# Marbeled Counter Tops?



## Chef Munky (Apr 2, 2018)

For those that have them.

Does it matter what kind you have installed when it comes to bread making?

Right now I have tiled counters.Use a bread board for kneading the dough.
Less messy.

Can you place hot bread pans or cookie sheets on them?
As it is now I used either the stove top or place a lot of potholders on the counters.

Clueless on this subject.

Munky.


----------



## RPCookin (Apr 2, 2018)

If I have to put a hot pan on the counter, I use one of my wood cutting boards under it.  I knead bread right on the countertop... just cheap Formica.  We had solid surface countertops (like Dupont Corian) in our last 2 homes, so I used the same processes with them.  

I've never had stone counters, so I really can't say anything about that.  I've read that that some can be porous and can absorb stains.


----------



## caseydog (Apr 2, 2018)

Marble is durable, but don't put hot pans on it. Use a trivet or towel. The benefit of REAL marble is that it stays cool for working doughs. The thicker the marble, the cooler it stays. 

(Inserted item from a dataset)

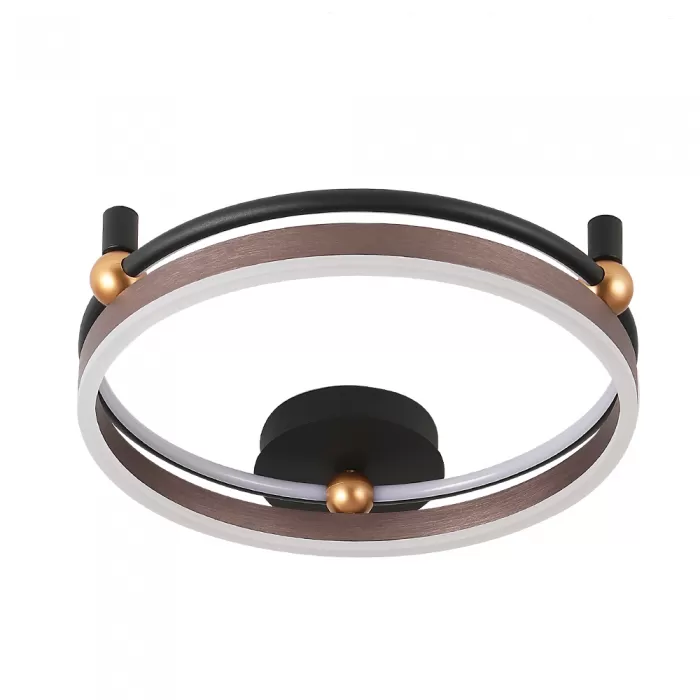 FERNANDO PL48W LED COFFEE/BLACK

If you bake a lot, you will like stone, especially marble. It keeps your dough cool, and your fats firm -- naturally. 

CD


----------



## Andy M. (Apr 2, 2018)

I have a quartz countertop.  It can take the hottest pans.  It's cold to the touch.  I make pie crusts and bagels on it. Its the hardest material after diamonds so its pretty tough.  Check out this site.  https://commercial.cambriausa.com/design-palette/


----------



## caseydog (Apr 2, 2018)

Andy M. said:


> I have a quartz countertop.  It can take the hottest pans.  It's cold to the touch.  I make pie crusts and bagels on it. Its the hardest material after diamonds so its pretty tough.  Check out this site.  https://commercial.cambriausa.com/design-palette/



Quartz is one of the hardest countertops, but quite a bit softer than diamonds, and many other gemstones. The quartz advantage is hardness for the price, as I understand it. A diamond or sapphire countertop would be just a little over the top, I would think. 

CD


----------



## Cooking Goddess (Apr 2, 2018)

My only experience has been with Formica, *Munky*, but I found a chart that might be a bit helpful to you.

*Countertop Comparisons*


----------



## tenspeed (Apr 3, 2018)

Not sure what you mean by marbled counter tops.  Real marble is not the best choice for a kitchen, as it can stain and scratch.  Daughter had it in their townhouse and realized their mistake afterwards.

  Granite is natural stone, quartz for countertops is an engineered material.  They have their pros and cons.  We have granite, and I don't have any concerns about putting a cookie sheet directly on the granite.  I wouldn't put a hot pot on it, as it will cause localized heating and expansion, which can damage the granite.  I have silicone trivets, which can be tossed (literally) on the counter and are dishwasher safe.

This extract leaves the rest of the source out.